High-capacity irrigation wells are drying out lakes but state officials have little authority to act.
By Brett Walton, Circle of Blue
Water pollution and availability have emerged in recent years as urgent matters of public policy in Midwest farm states. The governors of Iowa and Minnesota, for instance, used their recent State of the State speeches to tout programs designed to reduce farm runoff. Both states are dedicating significant tax dollars to cut water pollution.
“I have called for 2017 to be a year, during which we all pay special attention to the quality of our state’s water, which most of us assume we can take for granted,” Minnesota Gov. Mark Dayton said on January 23, the day before unveiling a clean water agenda that includes $US 214 million to protect groundwater and drinking water sources and $US 150 million to convert farmland into water-filtering wetlands and streamside buffers.
There is no such focus from Wisconsin leaders. The appropriate use of land, mineral, and water supplies is causing turmoil in local politics from the Door Peninsula to the Central Sands, but other than praising the quality of Wisconsin cheese, Gov. Scott Walker made no mention of natural resources policy during his January 10 speech to the Legislature.
Critics say that this is to be expected from a Republican administration and a Legislature that routinely ignores water policy even as lakes and streams are drying and nitrate pollution from manure and fertilizers is on the rise because of irrigated agriculture.
“The Legislature has no interest or ability to address the problem,” Stephen Born, a retired University of Wisconsin environmental studies professor and former director of the State Planning Office, told Circle of Blue.
Born and others point to a May 2016 ruling by the attorney general’s office as evidence of state backsliding on promises to address high-capacity wells. The attorney general said that the Department of Natural Resources does not have the legal authority to consider the cumulative effect of wells on groundwater resources when approving new drilling. The DNR adopted that position in June.
New wells are evaluated individually despite falling lake levels being a collective problem stemming from too many straws in the ground. The ruling “denied hydrogeology,” Born said. The Legislature could grant the DNR the authority to do comprehensive well assessments, but lawmakers failed to do so last year.
In response, citizen groups filed lawsuits in October 2016 objecting to the DNR’s approval of nine high-capacity wells. The next hearing in the case is scheduled for March. Katie Nekola, a lawyer for Clean Wisconsin, one of the groups that filed the lawsuit, told Circle of Blue that laws passed during the Walker administration do not give the DNR any leeway to tailor permits to environmental realities.

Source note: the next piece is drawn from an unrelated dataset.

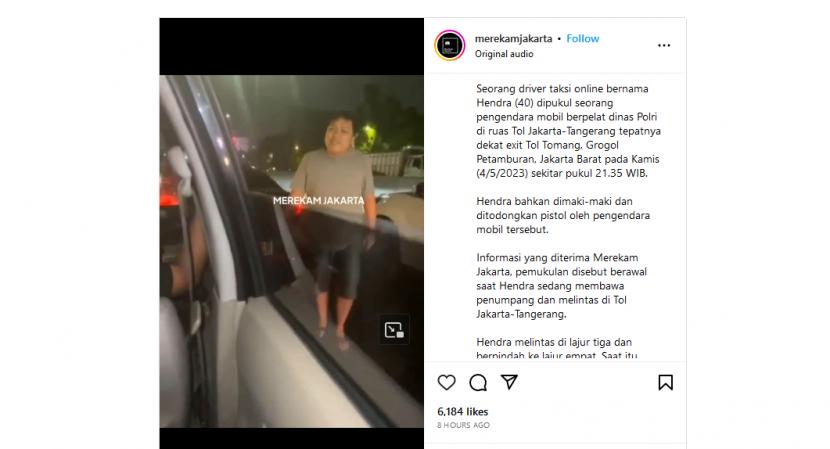 Detik-Detik Aksi Arogan Pengemudi Berpelat Polisi di Tol yang Viral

In the absence of state authority, towns and private residents are on their own to deal with the cost of rising nitrate concentrations and shriveled lakes. But lacking the legal tools to restrict pumping, their role is one of education, monitoring, and dialogue with growers, says Jen McNelly, water resources specialist for Portage County.
“We don’t have a lot of teeth for those actions,” McNelly told Circle of Blue. “Regulatory control is not there for the county. We don’t have any regulatory actions that we can take.”
Groundwater Is Connected to Rivers and Lakes
Pressure on Wisconsin groundwater has been building for decades. Scientific studies in the 1960s and 1970s, when the number of high-capacity wells in the state numbered in the dozens, predicted that high pumping rates would shrink lakes and dry up streams. Those forecasts have come true, even as Wisconsin’s climate is getting wetter. Last year was Wisconsin’s second wettest in 122 years of record keeping.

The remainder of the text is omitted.